Il est 13h à Grand Ilet ce lundi, et le docteur Anne Laravine ne recevra les premiers patients qu'à 14h. Pourtant, devant le cabinet médical du village, c'est déjà l'affluence : une dizaine de patients fait déjà la queue, et certains sont même arrivés depuis 11h du matin pour être sûrs d'avoir leur tour dès l'arrivée du médecin.
Le reportage de Réunion La 1ère :
Une permanence assurée par deux médecins de Salazie
"Lé obligé de venir et atten' lontan"
Toujours est-il que ça se bouscule, lors de ces permanences tenues par le Dr Laravine et le Dr Fouassin pendant des demi-journées, et pas tous les jours de la semaine, depuis la mi-janvier. "Lé obligé de venir et atten' lontan. Parfois na déjà 20 personnes kan lé rouvert, puis 30, 35 personnes... Lé difficile", souffle Françoise, prenant son mal en patience.
"À peine un patient sorti, un deuxième entre"
Du coup quand le Dr Anne Laravine, elle sait que son après-midi sera plus que dense. Les consultations, elle les enchaînera jusqu'à parfois près de 20h. Car si elle ne prend plus de nouveaux dossiers à partir de 18h, il lui faut quand même recevoir les patients arrivés avant cette heure. "On ne s'arrête pas trop, à peine un patient sorti, un deuxième entre", glisse-t-elle entre deux consultations.

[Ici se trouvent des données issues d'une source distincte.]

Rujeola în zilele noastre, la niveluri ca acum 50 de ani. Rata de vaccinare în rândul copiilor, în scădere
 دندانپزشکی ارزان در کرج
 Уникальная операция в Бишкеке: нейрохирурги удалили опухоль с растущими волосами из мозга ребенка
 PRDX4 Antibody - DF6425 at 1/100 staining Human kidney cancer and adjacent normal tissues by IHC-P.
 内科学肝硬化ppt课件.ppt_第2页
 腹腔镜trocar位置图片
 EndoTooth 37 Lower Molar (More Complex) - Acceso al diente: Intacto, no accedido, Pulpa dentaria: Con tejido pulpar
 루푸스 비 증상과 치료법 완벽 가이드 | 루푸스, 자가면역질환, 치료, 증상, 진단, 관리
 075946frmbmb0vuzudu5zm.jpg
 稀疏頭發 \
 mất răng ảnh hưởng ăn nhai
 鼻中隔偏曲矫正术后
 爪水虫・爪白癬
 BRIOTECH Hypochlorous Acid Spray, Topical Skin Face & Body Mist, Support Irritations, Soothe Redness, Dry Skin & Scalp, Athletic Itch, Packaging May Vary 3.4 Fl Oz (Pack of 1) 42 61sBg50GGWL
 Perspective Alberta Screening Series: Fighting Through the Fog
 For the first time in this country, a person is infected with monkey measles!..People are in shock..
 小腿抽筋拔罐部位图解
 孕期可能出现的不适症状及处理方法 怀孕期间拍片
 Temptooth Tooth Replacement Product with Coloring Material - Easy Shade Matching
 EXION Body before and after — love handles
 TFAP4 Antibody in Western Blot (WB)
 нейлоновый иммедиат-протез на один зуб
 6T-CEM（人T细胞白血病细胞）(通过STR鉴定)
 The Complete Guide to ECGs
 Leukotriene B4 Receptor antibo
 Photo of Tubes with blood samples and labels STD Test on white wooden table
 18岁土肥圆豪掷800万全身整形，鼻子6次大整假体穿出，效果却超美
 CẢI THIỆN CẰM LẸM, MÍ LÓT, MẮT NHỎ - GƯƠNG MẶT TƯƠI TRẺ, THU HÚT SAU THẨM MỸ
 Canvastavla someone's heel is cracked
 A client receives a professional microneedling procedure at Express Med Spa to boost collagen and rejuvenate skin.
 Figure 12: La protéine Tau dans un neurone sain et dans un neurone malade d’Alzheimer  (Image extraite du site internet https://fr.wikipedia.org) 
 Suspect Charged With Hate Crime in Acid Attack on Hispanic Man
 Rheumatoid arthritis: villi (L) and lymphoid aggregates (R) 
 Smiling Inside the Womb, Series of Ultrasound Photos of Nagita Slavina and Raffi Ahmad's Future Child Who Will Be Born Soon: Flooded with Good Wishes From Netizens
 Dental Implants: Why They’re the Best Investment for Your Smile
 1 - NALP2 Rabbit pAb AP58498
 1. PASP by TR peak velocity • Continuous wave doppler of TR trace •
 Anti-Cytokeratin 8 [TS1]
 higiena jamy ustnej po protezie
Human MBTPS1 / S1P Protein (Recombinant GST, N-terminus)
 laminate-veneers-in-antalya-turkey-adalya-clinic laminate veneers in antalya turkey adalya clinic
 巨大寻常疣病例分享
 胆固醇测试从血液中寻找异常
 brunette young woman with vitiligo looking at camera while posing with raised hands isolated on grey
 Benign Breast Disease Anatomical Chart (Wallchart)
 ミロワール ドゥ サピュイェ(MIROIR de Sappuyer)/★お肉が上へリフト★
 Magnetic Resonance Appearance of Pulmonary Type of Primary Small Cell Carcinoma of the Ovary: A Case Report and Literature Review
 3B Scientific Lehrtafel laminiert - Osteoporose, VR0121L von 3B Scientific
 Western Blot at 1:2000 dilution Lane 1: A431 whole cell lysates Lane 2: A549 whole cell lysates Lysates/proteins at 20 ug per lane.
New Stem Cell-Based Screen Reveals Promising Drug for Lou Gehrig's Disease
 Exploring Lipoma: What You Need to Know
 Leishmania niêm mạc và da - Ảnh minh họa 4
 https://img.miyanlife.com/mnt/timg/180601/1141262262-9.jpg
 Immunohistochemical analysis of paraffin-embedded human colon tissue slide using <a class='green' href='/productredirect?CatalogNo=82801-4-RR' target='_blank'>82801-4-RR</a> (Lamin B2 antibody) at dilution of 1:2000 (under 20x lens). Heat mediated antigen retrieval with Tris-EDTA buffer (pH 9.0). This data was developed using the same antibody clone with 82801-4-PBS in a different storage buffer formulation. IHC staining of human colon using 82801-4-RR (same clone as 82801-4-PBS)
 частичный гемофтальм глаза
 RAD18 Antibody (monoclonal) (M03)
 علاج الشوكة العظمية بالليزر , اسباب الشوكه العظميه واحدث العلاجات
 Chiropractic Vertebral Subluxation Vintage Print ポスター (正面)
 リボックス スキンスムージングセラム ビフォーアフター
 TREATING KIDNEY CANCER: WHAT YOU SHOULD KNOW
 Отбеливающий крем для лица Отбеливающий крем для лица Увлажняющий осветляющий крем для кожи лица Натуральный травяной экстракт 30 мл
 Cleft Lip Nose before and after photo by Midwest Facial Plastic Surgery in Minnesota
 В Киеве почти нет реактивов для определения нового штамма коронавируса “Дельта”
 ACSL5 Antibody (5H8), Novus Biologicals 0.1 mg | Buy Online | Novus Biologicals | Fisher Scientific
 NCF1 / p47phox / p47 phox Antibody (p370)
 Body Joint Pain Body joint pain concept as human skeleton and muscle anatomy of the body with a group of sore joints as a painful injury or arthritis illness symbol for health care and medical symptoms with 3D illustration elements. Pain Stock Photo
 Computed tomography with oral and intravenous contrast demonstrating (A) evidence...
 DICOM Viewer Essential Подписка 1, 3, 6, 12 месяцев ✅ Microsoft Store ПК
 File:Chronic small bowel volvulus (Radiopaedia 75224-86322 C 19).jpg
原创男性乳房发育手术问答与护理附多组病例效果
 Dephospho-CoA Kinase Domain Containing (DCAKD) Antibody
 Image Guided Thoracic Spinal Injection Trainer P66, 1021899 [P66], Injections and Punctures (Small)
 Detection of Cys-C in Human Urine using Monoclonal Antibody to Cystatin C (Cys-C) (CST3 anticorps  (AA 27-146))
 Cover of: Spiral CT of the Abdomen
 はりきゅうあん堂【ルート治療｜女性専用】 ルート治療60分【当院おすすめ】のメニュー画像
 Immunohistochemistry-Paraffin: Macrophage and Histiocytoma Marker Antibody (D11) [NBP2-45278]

Aucune obligation pour les médecins de travailler à Grand Ilet
Pourtant, rien ne l'oblige elle, ni un autre médecin, à observer cette permanence dans ce village reculé de Salazie. "Celui qui veut faire l'effort de travailler et de venir le fait, c'est au choix du médecin. Quand ou aime out métier et quand ou aime les gens lé difficile de pas venir de temps en temps quand même, quand ou habite à une demi-heure", estime pour sa part le Dr Anne Laravine, pour qui l'exercice a quand même ses limites, à jongler entre le cabinet de Salazie Village et celui de Grand Ilet. "On a déjà pas mal de travail à l'autre cabinet, on ne peut pas faire plus au niveau des horaires", observe-t-elle.
D'autant que dans ce village de Grand Ilet, on compte beaucoup de personnes âgées. "Donc il y a très souvent des visites à domicile, parce que pour soigner les gens il faut quand même les voir", précise Anne Laravine.
"Est-ce qu'un jeune voudra venir ?"
Mais il n'est pas chose aisée de trouver un médecin souhaitant s'installer à Grand Ilet. "Est-ce qu'un jeune voudra venir ? Il faut habiter Grand Ilet ou pas trop loin", s'interroge le Dr Anne Laravine, qui ne remarque pas d'intérêt particulier des jeunes docteurs pour ce secteur.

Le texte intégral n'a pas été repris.